17 thoughts on “Sunday Software Sound Hacks

  1. I’m near speechless… I’ve wanted something like this since I was a kid. Quite a novel control interface for music. I can just picture cuing some Bach and playing conductor for a day.

  2. It’s a great hack, but I seriously doubt how many artists would prefer the wiimote method to express themselfs, since the original issue was “not look so limited and stupid behind your laptop” is it going to look any better with jacking off your wiimote? :D

  3. i’ve had an idea brewing about performance based music production, but i’m not too mechanically enclined nor very program-language savvy. either way, it’d be a freakin’ sweet idea to put into action. i see how you guys like to hack random video-game controllers and other button-oriented things and i thought, hey, why not develop some way of turning ANY video-game controller, external numeric keypad, keyboard,etc into a MIDI device. can you imagine the applications for musical performance especially with this new age of musicians. anybody got any feedback? maybe there’s already something similar and i just haven’t found it yet.

  4. @AJ: there are a few tools that allow exactly what you describe.
    to name a few:
    -MJOY turns standard joysticks and gamepads into MIDI controllers. pretty straightforward.
    -MiJoy ($$, VSTi only) does the same thing but has a few more options
    -GlovePIE: total madness. accepts anything as an input device including Wiimotes, can control MIDI and OSC (besides emulating any other input device) and can be fully scripted.

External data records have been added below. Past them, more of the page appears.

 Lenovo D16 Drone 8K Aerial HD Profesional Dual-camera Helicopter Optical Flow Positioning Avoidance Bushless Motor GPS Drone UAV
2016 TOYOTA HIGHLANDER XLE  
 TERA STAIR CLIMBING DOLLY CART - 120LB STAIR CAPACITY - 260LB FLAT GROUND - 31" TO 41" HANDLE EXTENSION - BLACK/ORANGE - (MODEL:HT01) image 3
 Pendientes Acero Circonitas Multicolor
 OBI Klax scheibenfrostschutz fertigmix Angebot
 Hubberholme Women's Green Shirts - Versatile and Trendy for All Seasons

  5. @Glen: I recorded that video with Photo Booth on mac, which mirrors everything. I didn’t notice it until I uploaded it to vimeo :) stupid!

    @Jeff: the AI comes from the WiiGee java wiimote gesturing library… it uses hidden markov models. Much credit to the WiiGee guys, without them, I wouldn’t have been able to do this.

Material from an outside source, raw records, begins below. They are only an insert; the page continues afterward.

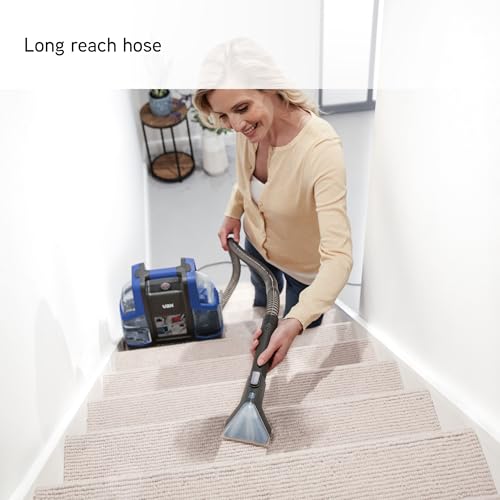 VAX SpotWash Duo Spot Cleaner, For Stains, Spills & Pet Messes, Suitable for Car, Sofa, Upholstery, Carpet, Stairs. Compact, Handheld Cleaning Machine Includes Pet Tool & Vax 1L Solution, CDCW-CSXA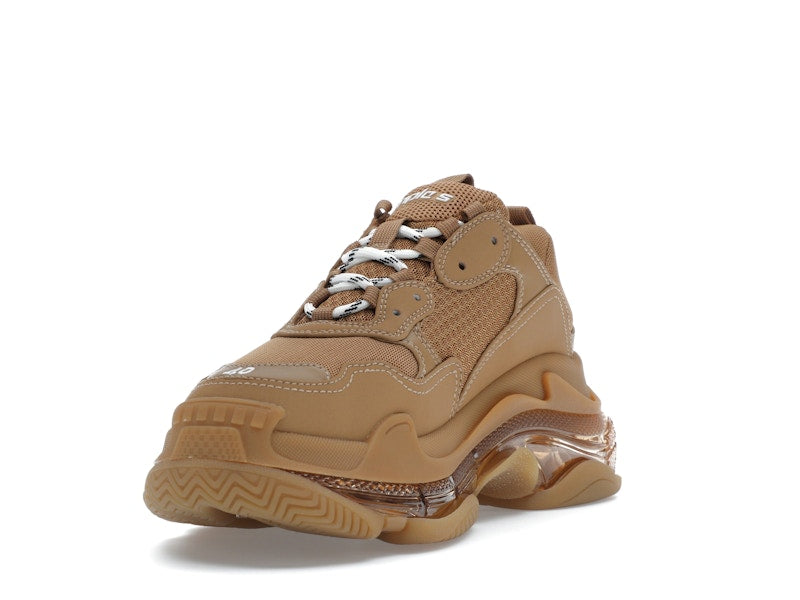 Balenciaga Triple S Clear Sole Light Camel (Women's)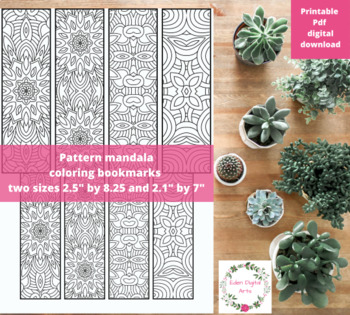 Printable Mandala Coloring Bookmarks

  6. AJ What you want is a CV to MIDI interface. Old synths (pre midi) used to use voltage levels to fire off keys on a slave keyboard. You can find models of these that may be a little pricey but they let you vary the voltage input levels, which would be useful to you ie output of said walgreen’s videogame device into CV that converts to MIDI. There are also a number of MIDI controlled power outlets for the randomization of devices or lights as it was made for. My MIDI days are a bit past at this point, but I am slowly rebuilding my arsenal of relatively sweet machines. Sorry if you already knew about this stuff, not sure about your level of savvy, just trying to help spark ya know :)

    I’m with ya though on the mix of circuit bending and the power of MIDI. I am really thankful that the developers were smart enough to leave open parameter slots and gave it to the world free :)
    DMX has always seemed like its roided-out, asshole older brother lmao.
    If ya really want these things though holler back and I’ll see what I can dig up yo.